Slave stuck in recovery mode

From: "Nicolas Ross" <rossnick-lists(at)cybercat(dot)net>
To: pgsql-admin(at)lists(dot)postgresql(dot)org
Subject: Slave stuck in recovery mode
Date: 2021-10-08 23:15:55
Message-ID: web-254322712@mail.cybercat.ca
Views: Raw Message | Whole Thread | Download mbox | Resend email
Thread:
Lists: pgsql-admin

Hi !

We’ve been using postgres since some time now (since the
9.3 days).

I’ve got a pair of 9.6 server with 2 nodes, a primary and a
slave. We use repmgr to manage the cluster. When it was
installed, it was something like repmgr 4.x or even 3.

This week, for some reason, I had to rebuild the slave
instance.

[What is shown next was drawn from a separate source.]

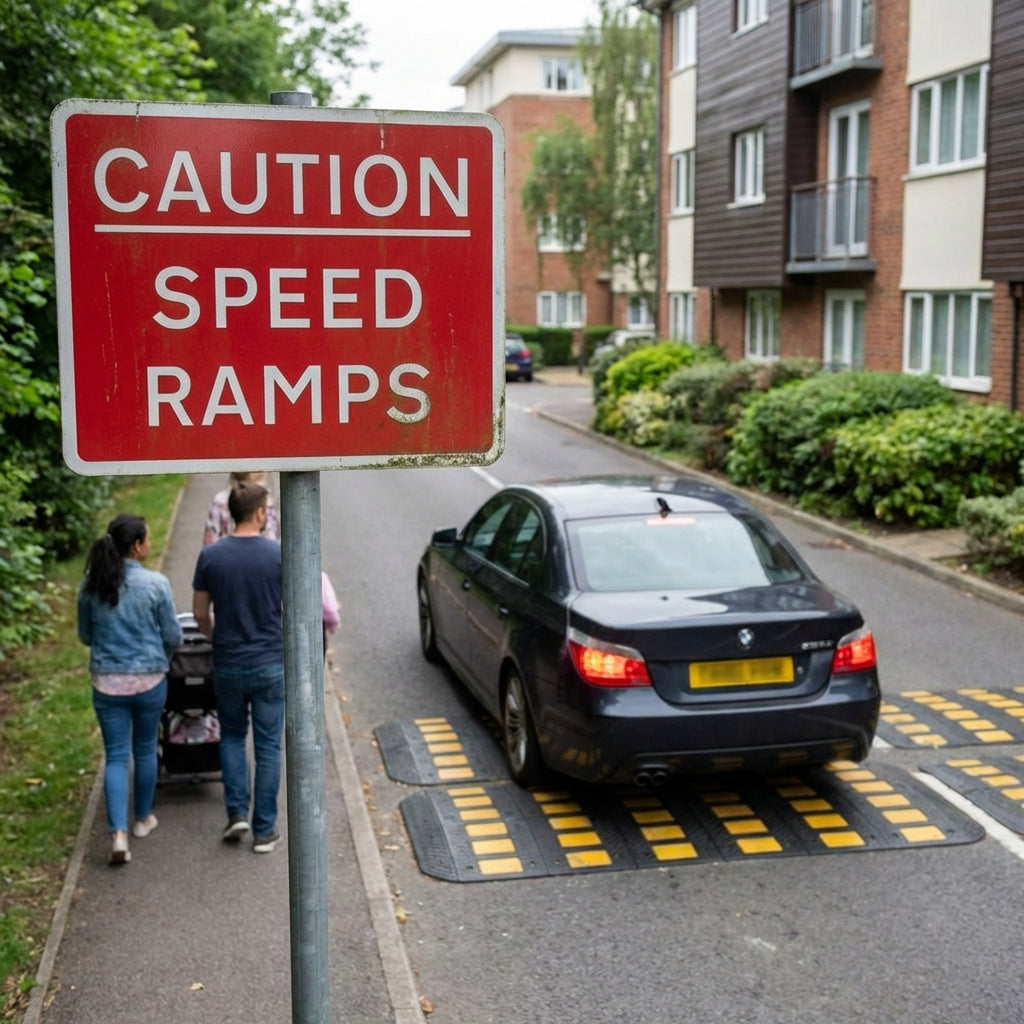 Caution Speed Ramps Traffic Signs – 1mm Rigid Plastic/Aluminium – Indoor & Outdoor Use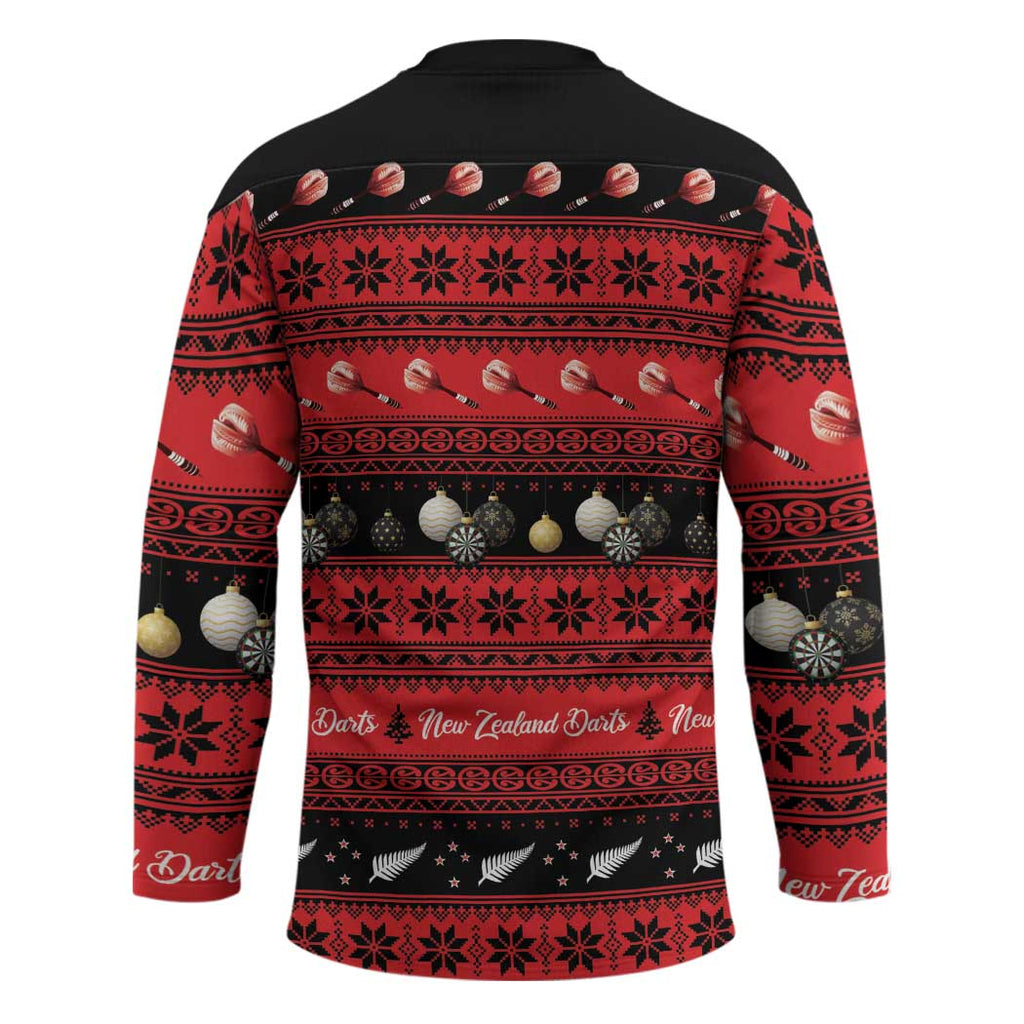 New Zealand Darts Christmas Hockey Jersey Merry Xmas Aotearoa Maori Red - Aussie Hoodie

So I cloned the slave using a command like :

/usr/pgsql-9.6/bin/repmgr -h pgserver2.qualite -U repmgr -f
/etc/repmgr/9.6/repmgr.conf standby clone

After some time (it’s like 250 gigs, so it’s kinda an hour
or 2), the command ends.

If I start the postgres server on the slave with OS
systemcl script, it doesn’t return to the CLI (presumably
it waits for something).

In the log I see :

< 2021-10-08 16:16:47.861 EDT > LOG: database system was
shut down in recovery at 2021-10-08 16:04:10 EDT
< 2021-10-08 16:16:47.877 EDT > LOG: entering standby mode
< 2021-10-08 16:16:48.599 EDT > LOG: redo starts at
13BF/CF000028
< 2021-10-08 16:16:52.899 EDT > LOG: consistent recovery
state reached at 13BF/D53BA0F0
(Some time passes)
< 2021-10-08 16:46:10.363 EDT > LOG: started streaming WAL
from primary at 13C9/8C000000 on timeline 1

After that, if I try to connect to the slave, I get :

FATAL: the database system is starting up

No matter how long I wait (tried more than a day later).

During that time, the master still streams the wal to the
slave.

Notes :

That last log example was taken after trying to clone from
our barman server (tried with and without)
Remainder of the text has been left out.